Information shown:
☆ ☆ ☆ ☆ ☆

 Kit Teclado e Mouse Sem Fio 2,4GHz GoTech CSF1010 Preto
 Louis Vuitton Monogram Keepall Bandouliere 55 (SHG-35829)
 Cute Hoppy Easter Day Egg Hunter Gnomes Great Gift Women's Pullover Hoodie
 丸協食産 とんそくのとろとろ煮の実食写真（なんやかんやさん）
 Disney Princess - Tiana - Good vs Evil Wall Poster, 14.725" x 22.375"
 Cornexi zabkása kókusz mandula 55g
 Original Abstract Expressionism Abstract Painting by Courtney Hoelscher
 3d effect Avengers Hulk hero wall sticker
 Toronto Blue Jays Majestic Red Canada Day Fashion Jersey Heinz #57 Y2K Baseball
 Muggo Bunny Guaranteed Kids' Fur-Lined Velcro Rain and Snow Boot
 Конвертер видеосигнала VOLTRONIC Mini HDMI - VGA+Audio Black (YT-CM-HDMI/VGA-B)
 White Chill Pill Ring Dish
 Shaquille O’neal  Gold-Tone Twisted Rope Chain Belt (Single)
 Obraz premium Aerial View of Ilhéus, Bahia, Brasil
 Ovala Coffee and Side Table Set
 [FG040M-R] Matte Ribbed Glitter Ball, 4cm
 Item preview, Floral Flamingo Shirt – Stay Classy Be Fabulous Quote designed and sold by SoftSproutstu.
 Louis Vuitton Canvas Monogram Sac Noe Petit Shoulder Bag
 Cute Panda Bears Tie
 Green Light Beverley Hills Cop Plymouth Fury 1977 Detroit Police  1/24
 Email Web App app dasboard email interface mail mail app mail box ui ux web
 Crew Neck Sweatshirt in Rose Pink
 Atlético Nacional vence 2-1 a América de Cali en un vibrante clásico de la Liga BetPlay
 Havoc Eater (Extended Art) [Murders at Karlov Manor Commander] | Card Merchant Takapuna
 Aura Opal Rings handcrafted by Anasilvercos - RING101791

☆ ☆ ☆ ☆ ☆

Exercise requirements: The answer must be a verbatim transcription of the entries above, from the first line through the line that contains "Toronto Blue Jays", and nothing more.

Answer to this task:
 Kit Teclado e Mouse Sem Fio 2,4GHz GoTech CSF1010 Preto
 Louis Vuitton Monogram Keepall Bandouliere 55 (SHG-35829)
 Cute Hoppy Easter Day Egg Hunter Gnomes Great Gift Women's Pullover Hoodie
 丸協食産 とんそくのとろとろ煮の実食写真（なんやかんやさん）
 Disney Princess - Tiana - Good vs Evil Wall Poster, 14.725" x 22.375"
 Cornexi zabkása kókusz mandula 55g
 Original Abstract Expressionism Abstract Painting by Courtney Hoelscher
 3d effect Avengers Hulk hero wall sticker
 Toronto Blue Jays Majestic Red Canada Day Fashion Jersey Heinz #57 Y2K Baseball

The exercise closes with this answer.